Mrs. Fields, the sweet old woman with the cookies, filed for Chapter 11 bankruptcy protection today because flour and milk have become too expensive. Besides, you people aren’t splurging on luxuries likes sweets or meals out anyway thanks to the ongoing non-recession inflation thing that also killed off Bennigan’s.
Under a prepackaged bankruptcy, Mrs. Fields would file for Chapter 11 protection having already developed a plan to repay its creditors and exit from bankruptcy. Mrs. Fields’s restructuring plan calls for its noteholders to exchange their $195.7 million in notes for $90 million in cash, $50 million in new senior secured notes and 87.5% of the company’s new common stock. The noteholders are expected to recover 86.5% on their claims.

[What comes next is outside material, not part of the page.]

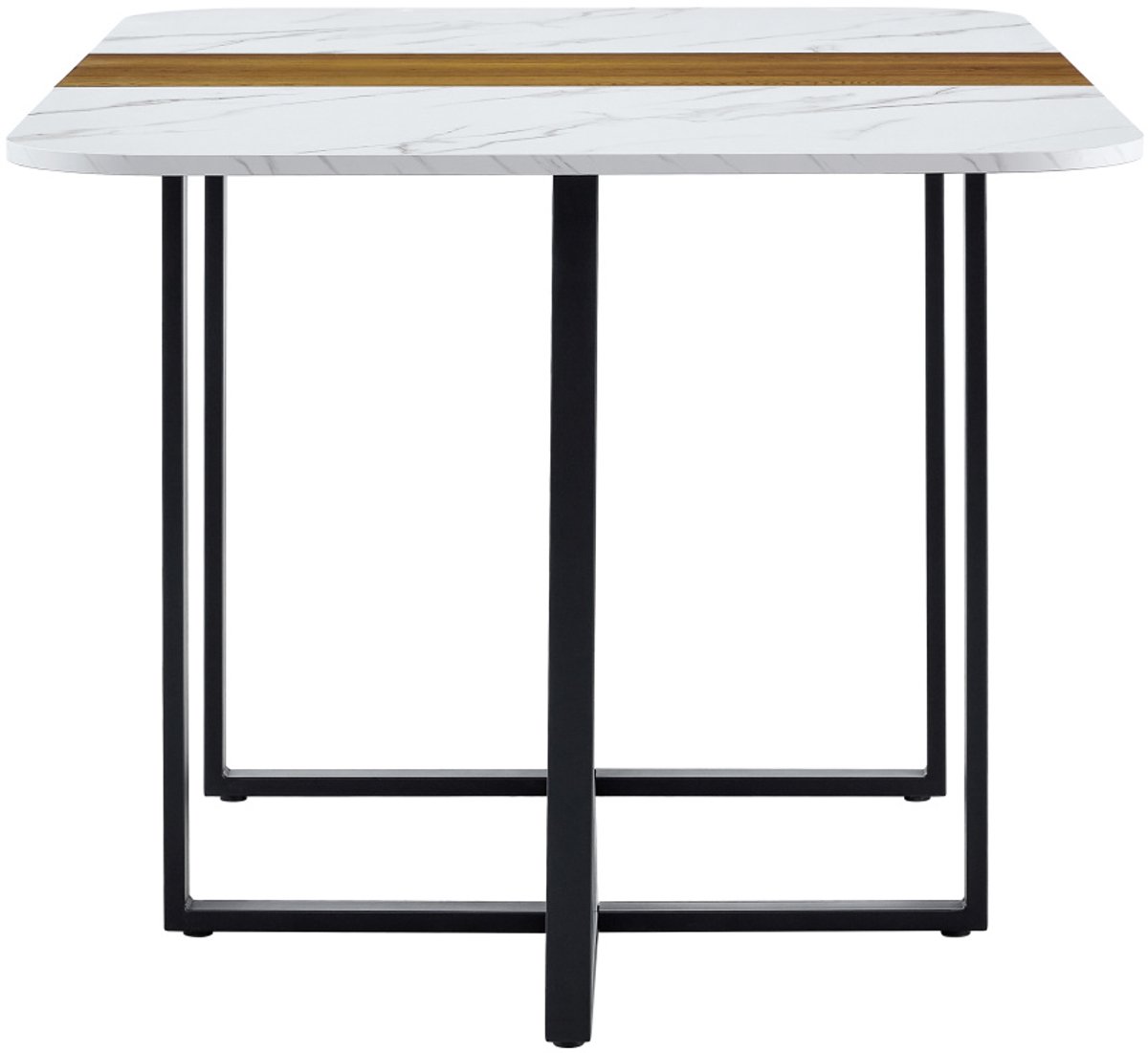 OKWISH Eettafel – Rechthoekig Voor 4 Tot 6 Personen – Marmerlook En Houtlook – MDF En Metaal – Zwart Wit Hout – 150×100×78,5 cm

The Mrs. Fields brand was born in 1977, when Debbi Fields opened up her first cookie shop in Palo Alto, Calif. The company turned to franchising in 1990 and has nearly 390 locations in the U.S. and 80 internationally, according to its Web site, plus hundreds of TCBY stores.
The company, however, has struggled with a heavy debt load and has racked up losses in recent months. Mrs. Fields posted a net loss of about $10.7 million for the quarter ended June 28.
Guess the scent of cookies isn’t enough to convince consumers to splurge after all.